A relieved smile splays across Matt’s face, with two layers of white showing under his facial hair. “Getting him a job here was a good thing. Baseball’s not keeping him busy enough. He’ll listen to you.”

“I think you mean I’m always pissing the guy off.”

“Better you than me,” he jokes, and after a few seconds, says in a serious tone, “Thanks.”

I hold out a fist, and Matt bumps it with his, volumes expressed in this show of solidarity. It eases the tension, and we begin the arduous work of hauling the construction waste to the rear of the restaurant, to True North’s overflowing Dumpster. Contractors mosey in and out of the space, working on the kitchen, while we vacuum up debris. We work until the sun’s high over the ocean and my stomach growls for chow.

My phone dings for the first time all day. I dive into the pocket of my shirt draped over a chair. I’m aware how desperate I look clamoring over and under tools to get to my phone, but I don’t give a damn.

Someone’s expecting a call,” mutters Matt, and I flip him off. “Oh, someone is sensitive about this fact.”

“Watch it, Jensen.” I’m already thinking of where I should take Camille next. Alcatraz? A walk across the Golden Gate Bridge?

But it’s not Camille who’s texted. It’s my cousin Bryn. Coming to you with grub.

I text back: Sweet. I’m about to fall over. Bring triple. Matt’s with me and my pop should get here in five.

“I take it that it’s not who you hoped it would be,” Matt says.

“Nah. Bryn’s on her way with food.”

“Man, I wish I could stay.” He twists his wrist and looks at his watch. “Got practice.”

“Make sure you give Blake a hard time.”

“Yeah, I will.” Matt scoops up his wallet, phone, and hoodie, and plops his baseball cap halfway on his head. He shuffles out the door as Bryn slinks in. He greets her with his usual: “Hey, lil’ bit.”

“I’m not two, Matt.
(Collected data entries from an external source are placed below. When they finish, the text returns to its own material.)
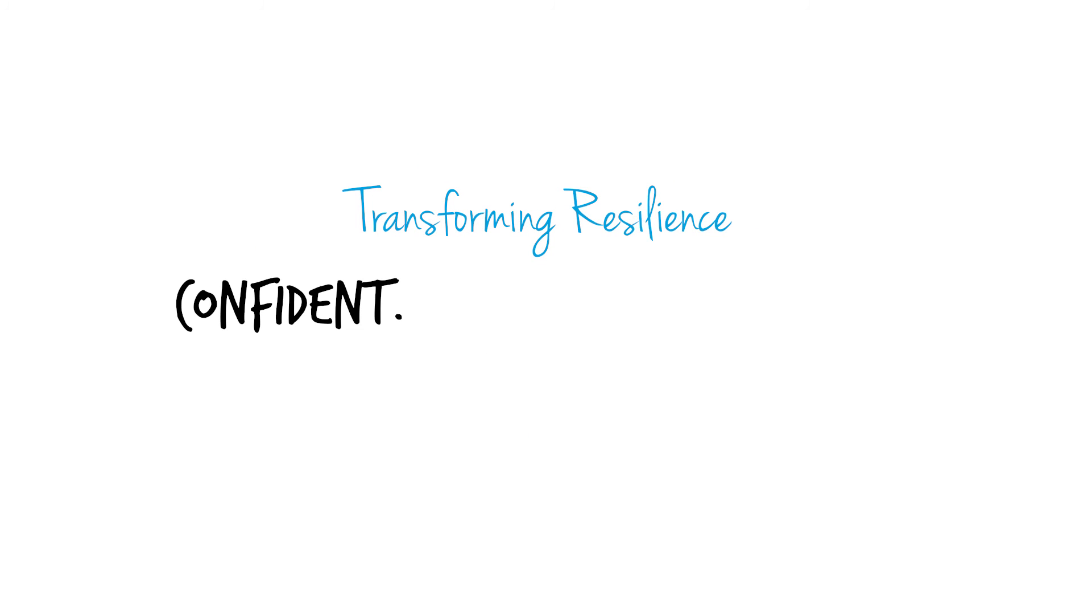Transforming resilience. Confident. Predictive. Proactive.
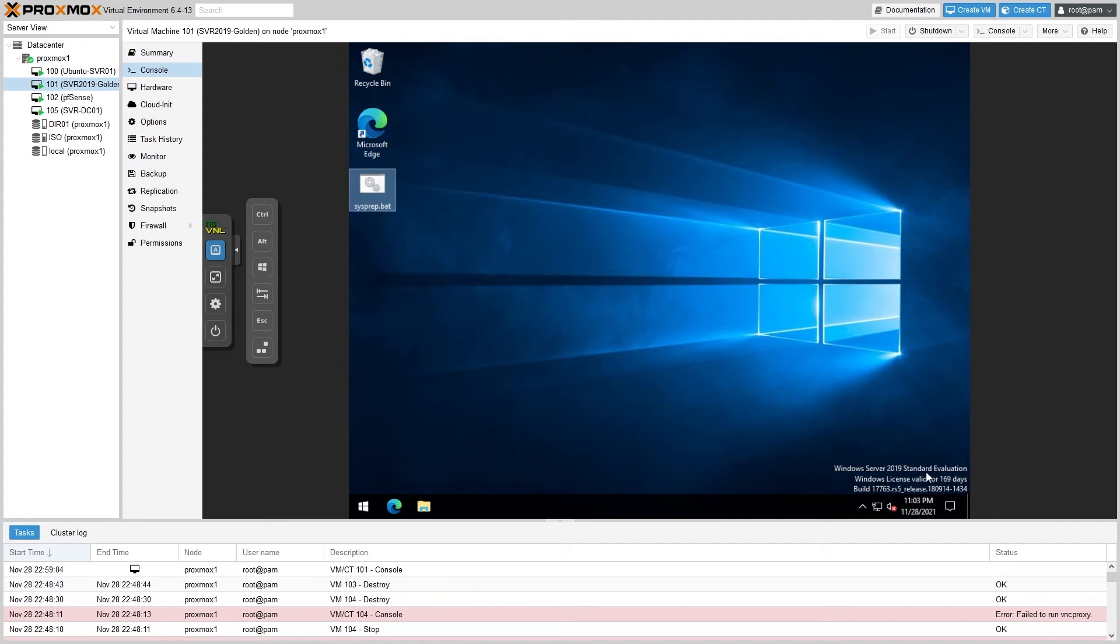Another note here: after you run sysprep it will delete the original Windows profile and create a new one, so it won't copy profile-based configurations like folder views, taskbar and start menu shortcuts, or pretty much anything that stores configuration data in the local user's AppData folder. It should however still preserve installed programs, drivers, updates, etc.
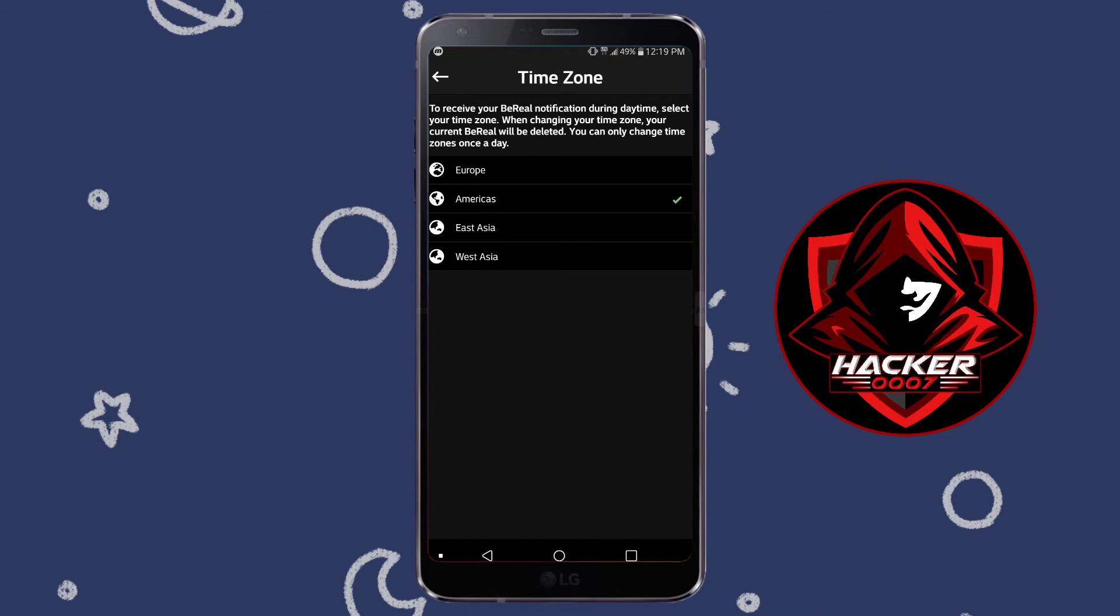So to receive your BeReal notification during daytime, select your time zone. When changing your time zone, your current BeReal will be deleted. You can only change time zones once per day.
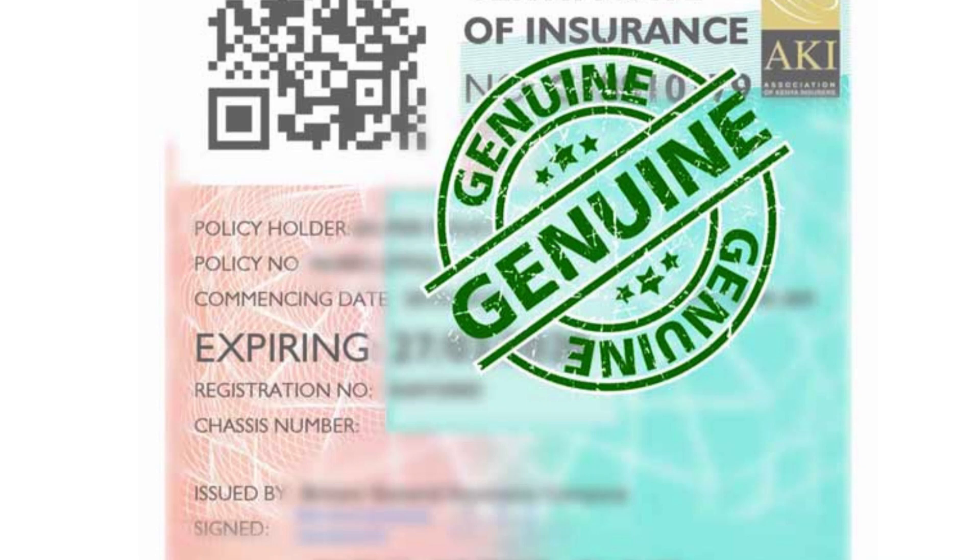Note, the status of your certificate will be displayed as either Genuine, Invalid, Cancelled, or Expired.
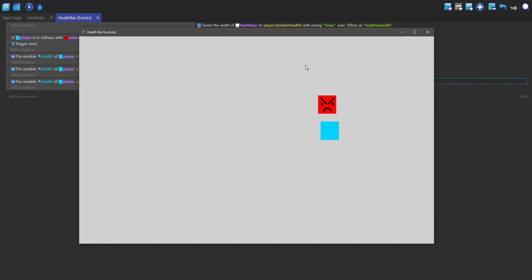There you go. So there's a few different ways you can kind of work around this nine patch thing, but if you don't want to deal with that then you can obviously just use a sprite and stretch it. But this was a nice stylish way of making a health bar and I hope this helped you and have fun.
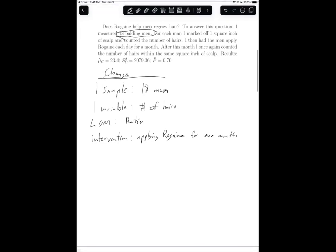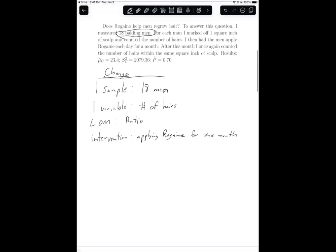Next, we need to figure out the question of interest. The question of interest is: does Rogaine help men regrow hair? This is our question of interest. Now that we know the test situation is change or pre-post and we know the question of interest, we can now consider the hypothesis.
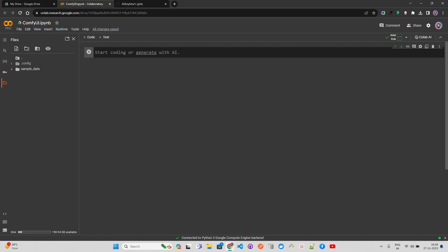Hello everyone, welcome to AI Anytime channel. In this video we're going to look at ComfyUI, a modular stable diffusion GUI or graphical user interface. You can design and run advanced stable diffusion pipelines without coding. It uses a graph node or flowchart based interface and has multiple features.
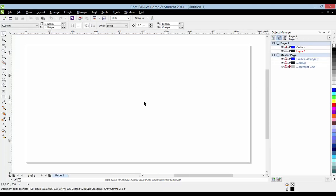Here we go, we've got our usual page. And as you can see on the right hand side here we've got our layers bar, and up here you can see we've got Layer 1.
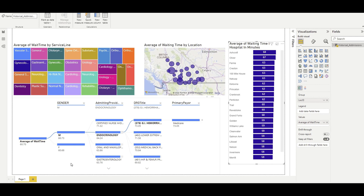You can now simply add the predicted wait time column — generated via the Azure ML endpoint — to your dashboard however you like, and then publish it through Power BI Service to make it accessible to others, rather than keeping it only in Power BI Desktop. That's all for this video. If you're interested in learning more about this specific topic, write in the comments what you'd like to know about the integration of machine learning with Power BI.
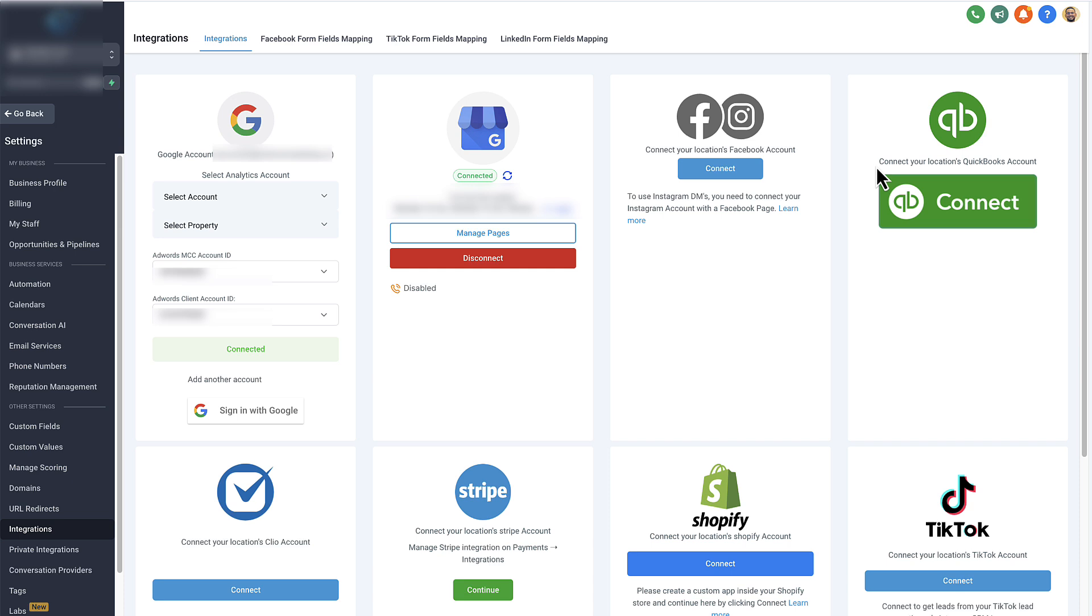For example, here you can see in the settings and integrations tab, our client's Google Ads account is actually integrated here to this High Level sub-account. So our MCC account ID is right here, and then our client's Google Ads account ID is right here as well.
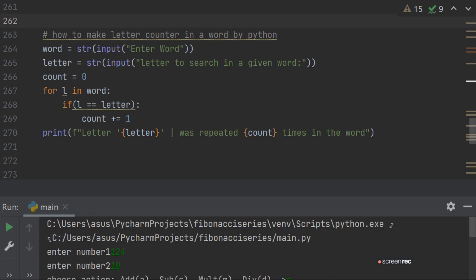For l in word. Now the letter you want to search in the word, we took the variable l. If l equals to letter,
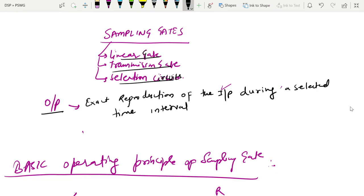Today we are discussing sampling gates. A sampling gate is also known as a transmission gate. The main purpose of the sampling gate is the exact reproduction of the input during a selected time interval. The sampling gate is also known as a linear gate, transmission gate, or selection circuit — these are the alternative names of sampling gates.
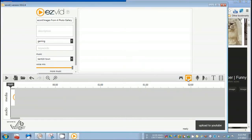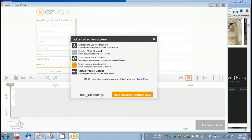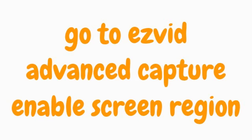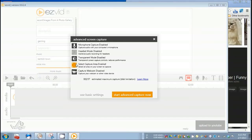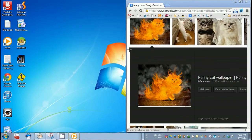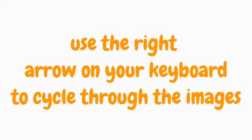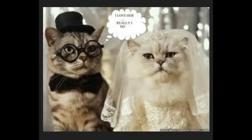Close up on the image that you want, go to EasyVid, go to advanced settings, enable screen region recording, start advanced capture now, then select the region around the picture, and then use the right arrow on your keyboard to cycle through the images.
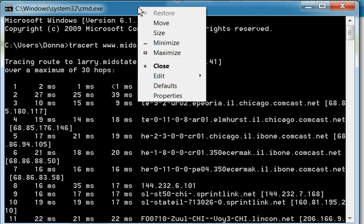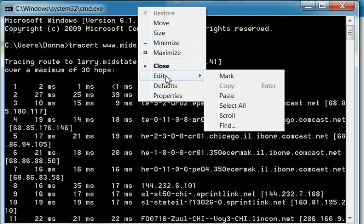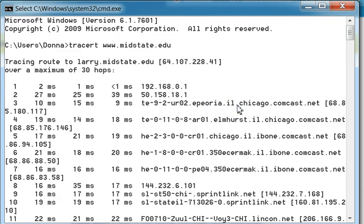On the drop down menu, you want to place your arrow over edit and then a sub menu will show up and you want to click on select all. This selects all the information in your command prompt window.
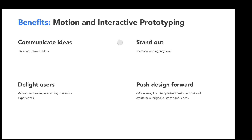I wanted to touch on some of the benefits of using motion and interactive prototyping. There are four main benefits. The first is to better communicate your ideas to both developers and stakeholders. From personal experience, it's a lot easier to design the entire experience with all the motion and interaction built in when explaining something to a developer or stakeholder, rather than walking them through a static visual comp. It's easier to hand off an interactive prototype they can click through, and doing it this way, there's less chance a developer will poorly implement your design vision.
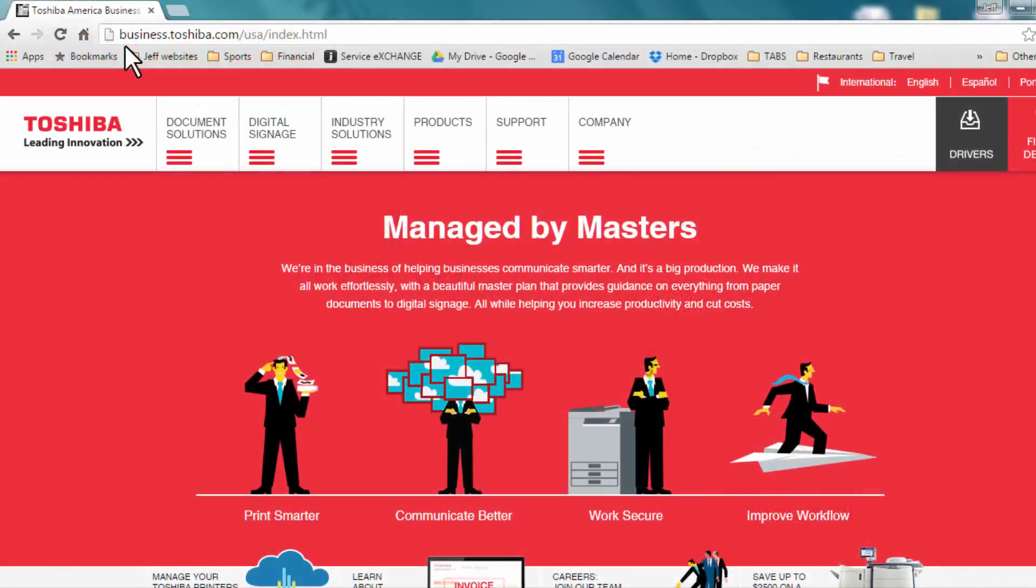To download the setting tool for your printer, go to business.toshiba.com. From the items across the top, click Support.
Don’t need to call me little.”

The guy huffs. “Known each other for twenty years and you still can’t loosen up.”

She rolls her eyes, sliding past me and offering a pained smile. “I brought dim sum: chicken feet, sesame balls, pork buns, steamed dumplings. All your favorites. Mr. Chang tried to push his roasted duck. I kept telling him you don’t like duck, but he was so excited to find out you were home. So he gave me extra dumplings instead.”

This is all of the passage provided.